### [GOAL OF THE EXERCISE]
Please copy the data shown below, word for word.

Stored dataset items:
⁂
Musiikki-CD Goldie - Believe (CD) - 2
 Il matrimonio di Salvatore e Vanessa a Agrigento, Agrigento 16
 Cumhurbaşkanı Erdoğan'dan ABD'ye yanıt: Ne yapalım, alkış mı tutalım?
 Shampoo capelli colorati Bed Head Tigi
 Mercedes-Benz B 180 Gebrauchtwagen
⁂
### [WRITTEN ANSWER]
Musiikki-CD Goldie - Believe (CD) - 2
 Il matrimonio di Salvatore e Vanessa a Agrigento, Agrigento 16
 Cumhurbaşkanı Erdoğan'dan ABD'ye yanıt: Ne yapalım, alkış mı tutalım?
 Shampoo capelli colorati Bed Head Tigi
 Mercedes-Benz B 180 Gebrauchtwagen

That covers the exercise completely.